Suggestion for answer to Question 16

[biscarri1]

First, thanks for creating this doc! I'm in the process of preparing for interviews currently and it's been extremely useful.

I wanted to suggest an alternative solution to problem 16 that I find a bit more intuitive than the one provided. It's effectively the same, but I think it follows a smoother train of thought since it beings with the reflex that many people have of immediately taking ln() when they see an expression with an exponential.
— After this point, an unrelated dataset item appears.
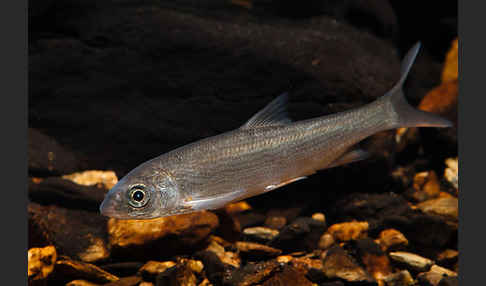 Nase (Chondrostoma nasus)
I've pasted the LaTeX for the solution below.

Begin by considering,
%
\begin{align*}
    f(x) = ln(x^{x}) = xln(x).
\end{align*}
%
Then we have,
%
\begin{align*}
    f'(x) = ln(x) + 1.
\end{align*}
%
For any function, $g$, we have by the chain rule,
%
\begin{align*}
    \frac{d}{dx}g(x^{x}) = g'(x^{x})\frac{d}{dx}x^{x}.
\end{align*}
%
If we let $g = f$, and rearrange the above we get,
%
\begin{align*}
   \frac{d}{dx}x^{x} &= \frac{\frac{d}{dx}f(x^{x})}{f'(x^{x})} \\ 
   &= \frac{ln(x)+1}{\frac{1}{x^{x}}} \\
   &= x^{x}(ln(x)+1).
\end{align*}